§ **Data section**
○ ○ ○ ○ ○ ○ ○

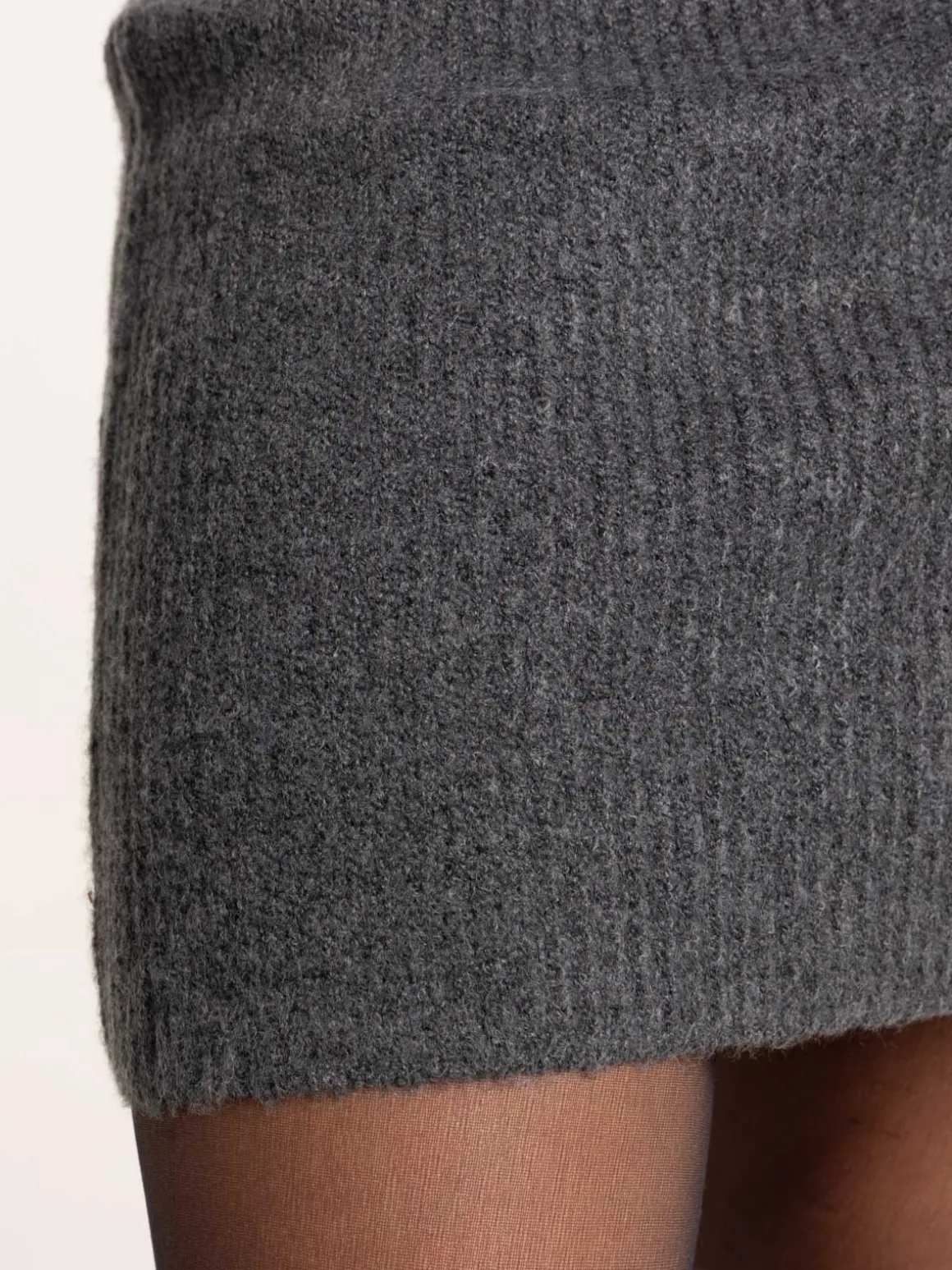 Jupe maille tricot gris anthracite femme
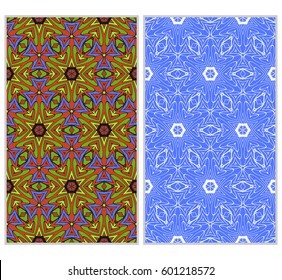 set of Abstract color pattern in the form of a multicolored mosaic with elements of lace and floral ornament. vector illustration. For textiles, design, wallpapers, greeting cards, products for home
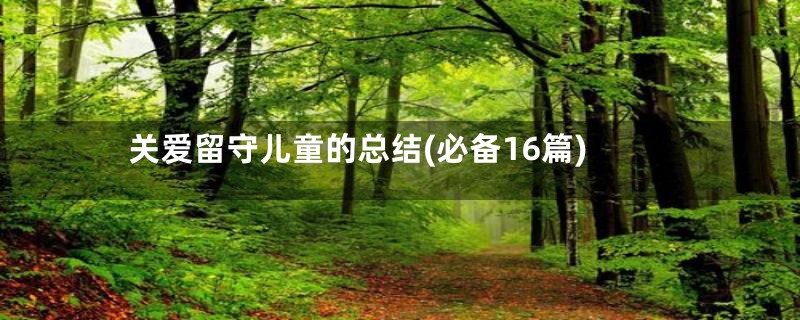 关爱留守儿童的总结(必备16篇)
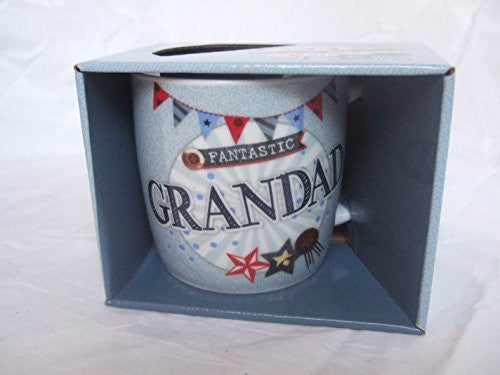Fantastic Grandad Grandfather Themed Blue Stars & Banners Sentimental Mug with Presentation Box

○ ○ ○ ○ ○ ○ ○

§ **What to produce**
The answer must be the full listing retyped exactly, with no pictures in it.

§ **The completed task**
 Jupe maille tricot gris anthracite femme
 set of Abstract color pattern in the form of a multicolored mosaic with elements of lace and floral ornament. vector illustration. For textiles, design, wallpapers, greeting cards, products for home
 关爱留守儿童的总结(必备16篇)
Fantastic Grandad Grandfather Themed Blue Stars & Banners Sentimental Mug with Presentation Box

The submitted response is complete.